TOPEKA, Kan. (Legal Newsline) – Use of an American Medical Association guide to rate disability for work-related injuries is unconstitutional as applied to a case, the Kansas Court of Appeals ruled recently in the case of a parcel delivery driver who twice injured his shoulder.
The appeals court said its 33-page decision June 1 that its ruling applied only in the case of UPS driver Francisco Pardo, who had appealed a previous Workers' Compensation board denial in his case. In his appeal, Pardo challenged the constitutionality of a state statute that requires all work-related injuries refer to the sixth edition of the American Medical Association (AMA) Guides to the Evaluation of Permanent Impairment for rating those injuries to determine compensation.

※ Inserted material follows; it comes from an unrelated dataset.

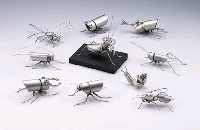 昆蟲標本箱的圖片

"For reasons we more fully explain below, we agree with Pardo that as applied to him, mandatory use of the sixth edition is unconstitutional as it denies him a remedy guaranteed by the Kansas Constitution," the Appeals Court said in its decision.
"Accordingly, we reverse the Board's denial of an award for Pardo's permanent partial impairment and remand the matter for reconsideration under the Fourth Edition of the AMA Guides to the Evaluation of Permanent Impairment."
The appeals Ccurt's decision reversed an earlier order by the Kansas Workers' Compensation Board, saying the state statute is unconstitutional as pertains to Prado's case because it bars him from recovering an award for his allegedly permanent partial disability following his re-injury of his shoulder. Prado, who still is employed by UPS, injured his left shoulder twice while on the job, first in July 2013 and again in March 2015, according to the factual and procedural background portion of the Appeals Court's decision.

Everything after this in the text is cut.